8/22/2007

Bush and Vietnam, Together At Last

Ever since it became clear that the Iraq War would not be a glorious crusade but rather an intractable quagmire, it has been compared to the Vietnam War. Both conflicts were rooted in blind ideology, launched based on lies, and kept going long after everyone knew they could not be won by military means.

President Bush never went to Vietnam and never fought alongside those who did - John Kerry, for one. Rather, he was safely posted to a "champagne unit" of the Texas Air National Guard, well known for keeping sons of the state's rich and powerful out of harm's way. (And he didn't even show up for all of his deployment to boot.) But that didn't stop him from drawing his own parallels between the wars, as he did today in a Kansas City speech to the VFW convention.

"There was another price to our withdrawal from Vietnam," he told the assembled veterans, "and we can hear it in the words of the enemy we face in today's struggle -- those who came to our soil and killed thousands of citizens on September the 11th, 2001. In an interview with a Pakistani newspaper after the 9/11 attacks, Osama bin Laden declared that 'the American people had risen against their government's war in Vietnam. And they must do the same today...' Here at home, some can argue our withdrawal from Vietnam carried no price to American credibility -- but the terrorists see it differently."

Astoundingly, Bush seems to be arguing that we were attacked on 9/11 because we withdrew from Vietnam twenty-six years earlier.

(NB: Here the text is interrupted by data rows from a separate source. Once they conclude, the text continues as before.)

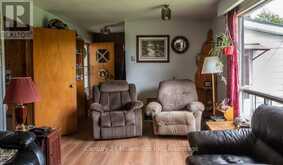 504354 GREY ROAD 12 ROAD | Markdale Ontario | Slide Image Two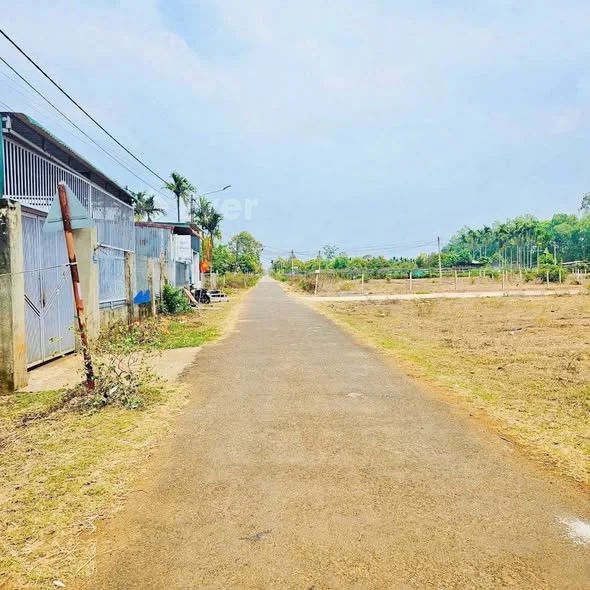 Ảnh bất động sản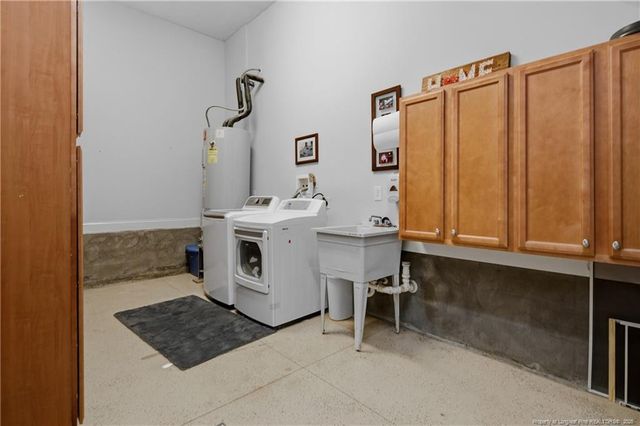 3222 Guy Circle, Fayetteville, NC 28303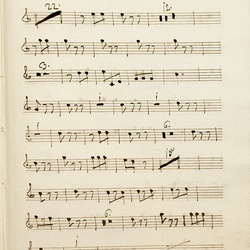 A 141, M. Haydn, Missa in C, Clarino I-7.jpg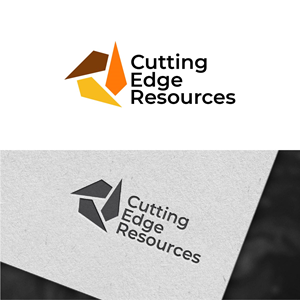 Logo Design by fly  design for this project | Design: #34175005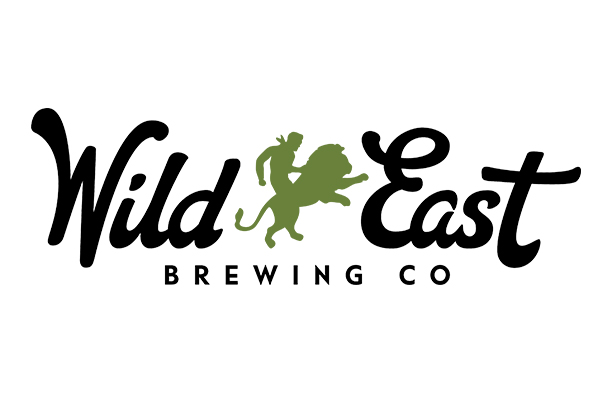 Wild East Brewing Company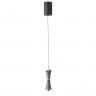Подвес LUMION 5696/7L LASSE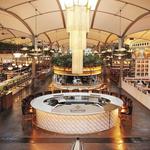 El Nacional Barcelona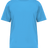 Badger Youth B-Tech Tee Badger
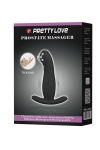 Pretty Love Prostate massager Pretty Love Prostate massager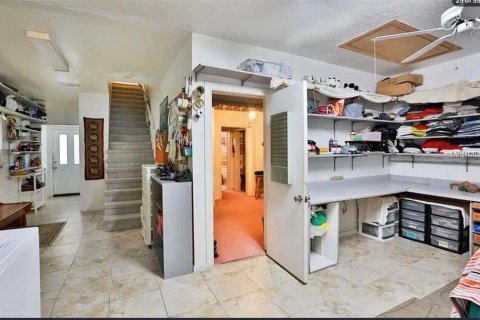 House in Odessa, Florida 7 bedrooms, 578.41 sq.m. № 2393813 - photo 23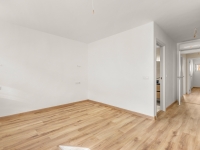 Re-Sale - Apartment - Calpe - Calpe - Town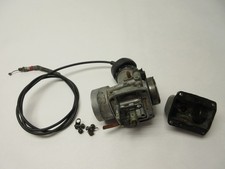 Vintage montesa mikuni for sale  Spokane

Not only that, he falls back on the Rambo excuse, that we lost Vietnam because we didn't see it through and weren't "allowed to win." In his little world, we could have won the war if only we had the gumption to drop more bombs, kill more people, and devastate the entire region even more than we actually did.

Not surprisingly, his conclusions are strikingly different from those reached by people who actually know something about the war.

"What is Bush suggesting?" asked historian Robert Dallek. "That we didn't fight hard enough, stay long enough? That's nonsense. It's a distortion. We've been in Iraq longer than we fought in World War II. It's a disaster, and this is a political attempt to lay the blame for the disaster on his opponents. But the disaster is the consequence of going in, not getting out."

And just to show that the only President we've got really don't know much about history, he also said that "One unmistakable legacy of Vietnam is that the price of America's withdrawal was paid by millions of innocent citizens whose agonies would add to our vocabulary new terms like 'killing fields.'"

Um...George? The Khmer Rouge's killing fields were in Cambodia, not Vietnam. And they were overthrown by the very same Vietnamese you were out bashing today.

It's truly unbelievable that Bush would use one useless war to try and justify our continued involvement in another useless war. Once again, he gets an F in basic American history. Can't we flunk this guy out already?